Quando tutti sono sazi, ci si raduna in cerchio accanto alla farchia per intonare i canti e le litanie in onore di Sant’Antonio. Non mancano le sorprese, come una proposta di matrimonio in piena regola sotto uno scroscio d’applausi e lo sguardo emozionato della futura sposa.
Trasporto e alzata delle farchie
Verso le 14,30 si è pronti per la partenza. Venti uomini (dieci per lato) si caricano in spalla la pesante farchia e si avviano verso il piazzale di ritrovo, percorrendo le vie del paese a passo di marcia e sotto gli incitamenti della folla. Oltre a Fara Centro, le contrade di Giardino e Madonna del Ponte trasportano la farchia a spalla, mentre le altre le trainano con un trattore. Una alla volta le farchie arrivano nel piazzale del cimitero, davanti la chiesetta di Sant’Antonio Abate costruita nel 1947. Sono in totale sedici, tredici delle contrade più tre piccole “farchiette” costruite dalle scolaresche – il testimone è così passato alle nuove generazioni.
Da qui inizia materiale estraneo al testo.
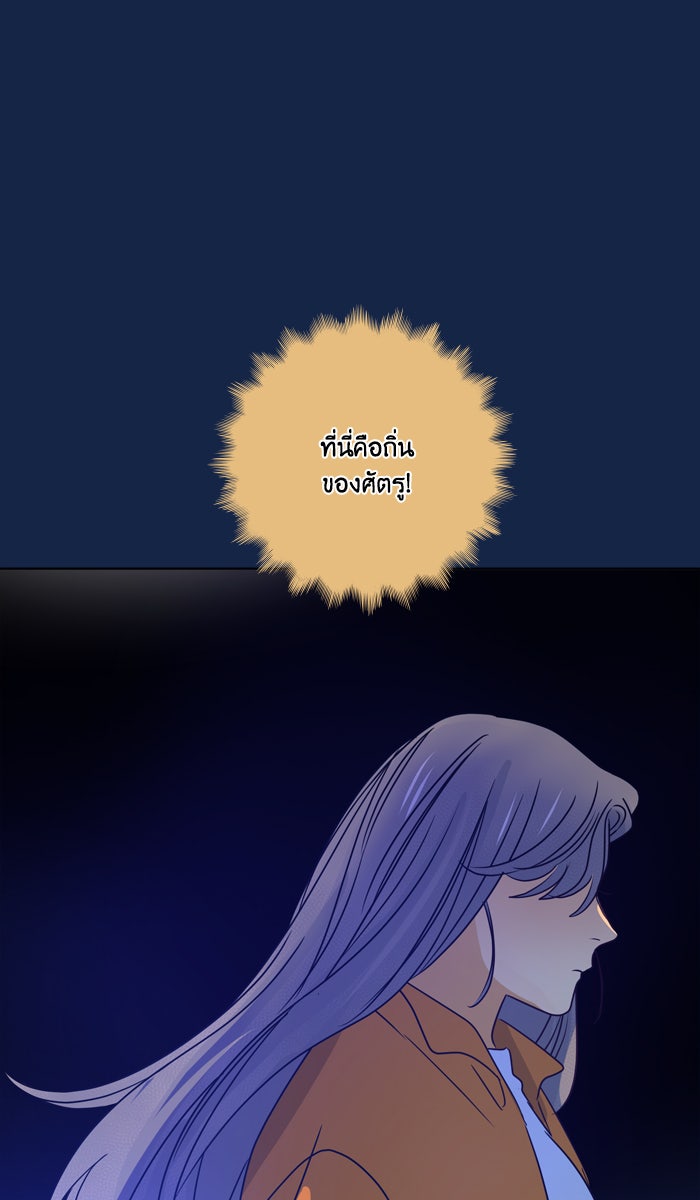หอพัก 95! - หน้า 46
È adesso che inizia la parte più difficile e delicata: l’alzata delle farchie. È una procedura davvero faticosa, si osserva lo sforzo degli uomini e si percepisce la loro determinazione a innalzare quel pesante “totem” frutto dell’impegno collettivo. Ne va del loro lavoro e del loro onore di farchiaioli. Grida di gioia e liberazione esplodono nel momento in cui la base della farchia resta in equilibrio sul selciato, decretando la riuscita della procedura.
L’esplosione della festa
Una a una le farchie si innalzano come enormi colonne di un tempio invisibile, svettando sul cielo all’imbrunire. Ora che tutte le farchie sono in piedi si può dare inizio alla fase più spettacolare della cerimonia: l’accensione. Ogni farchia viene “chiamata” e accesa tramite una miccia collegata a dei mortaretti, che esplodono a spirale intorno al fusto fino a incendiare la sommità.
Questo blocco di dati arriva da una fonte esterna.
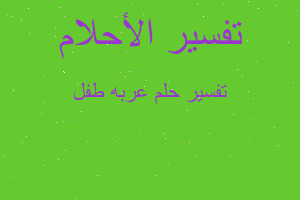 تفسير عربه طفل في المنام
Per rendere ancor più scenografica l’accensione, alcune contrade mettono delle girandole di fuochi d’artificio in cima alla farchia, mentre altre la incendiano con il metodo antico, mediante una lunga canna usata a mo’ di fiammifero. Torna un altro aspetto della tradizione: il rumore come elemento apotropaico per tenere lontani gli spiriti maligni. E alcuni botti sono stati talmente forti che nessun fantasma o demone avrà voglia di importunare i faresi per un bel po’!
Così, in un tripudio di luci e gioioso frastuono, si accendono tutte le farchie, diventando enormi fiaccole lucenti nel buio della sera. E, in effetti, non è difficile vederci dei maestosi alberi in fiamme, come quelli del famoso miracolo. Le farchie arderanno tutta la notte fino all’alba del 17 gennaio, quando le braci saranno benedette insieme al pane di Sant’Antonio da distribuire a persone e animali.
Di tutta la dedizione, la pazienza, la perizia e la fatica non resta, alla fine, che un mucchio di cenere – non è forse la metafora della vita? La meravigliosa arte delle farchie viene distrutta dal fuoco purificatore per poter risorgere l’anno successivo e ripetere così la tradizione, con un fervore romantico e uno sconfinato amore per le proprie radici.